The Ohio Casino Control Commission has made four proposals to amend the state’s gaming regulations and has opened up stakeholder consultations to gain feedback.
OCCC contacted stakeholders on Wednesday to detail changes to four rules, including the Buckeye State’s voluntary exclusion program regulations.
The rules would establish the Ohio Voluntary Exclusion Program, which all licensed operators would be mandated to comply with.
Players who feel that their gambling habits are getting out of control can sign up for the exclusion program either through an online form or in-person with an OCCC member of staff.
The VEP proposals will allow players to self-exclude from all forms of gambling in Ohio for three set periods of time: one year, five years or for the rest of their lives.

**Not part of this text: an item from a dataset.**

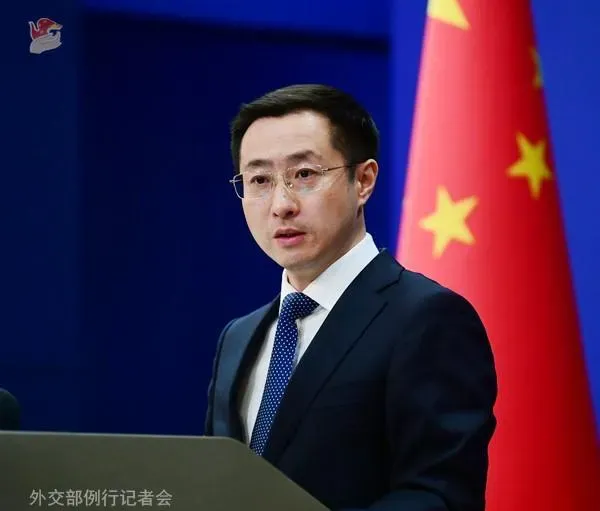 林劍主持大陸外交部例行記者會。(資料照/翻攝大陸外交部)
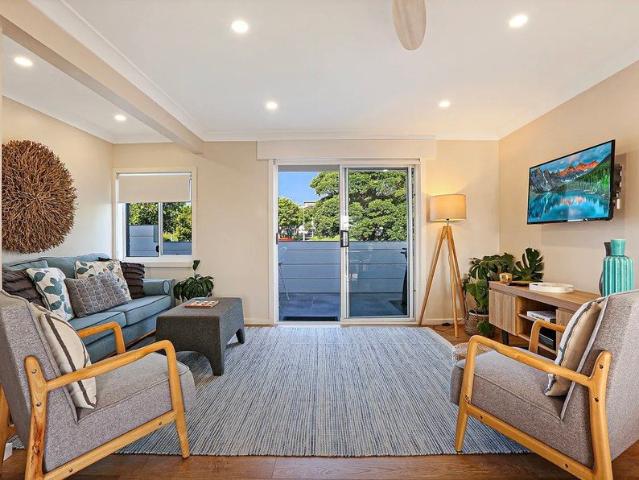 Fully Furnished Contemporary Apartment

The rules also outline how players can be removed from the VEP, detailing that they can once again gamble at the end of their set term.
Players can also be removed from the lifetime exclusion if they have: remained in the Ohio VEP for at least five years; completed the Ohio VEP education program on problem gambling awareness; and requested and completed an unaltered application for removal.
Meanwhile, the OCCC’s proposals outline that all licensees under the VEP would have to provide a disordered and problem gambling plan to the Commission for approval.
The plans, at a minimum, must include policies and procedures on several RG disciplines including how the licensee would enforce the VEP program and ensure that those who are excluded cannot gamble at their facility.
It also mandates that licensees provide guidance on how they will advertise and market their VEP programs and keep players safe throughout.
This is all part of the OCCC’s duties to review and refile its regulations as per Ohio law every five years.
The regulator stated: “Ohio law generally requires rules to be reviewed and refiled at least once every five years. Pursuant to that requirement, the Commission is putting forward four no change rules: Ohio Adm.Code 3772-12-02, -05, -06, and -07 for stakeholder comment.”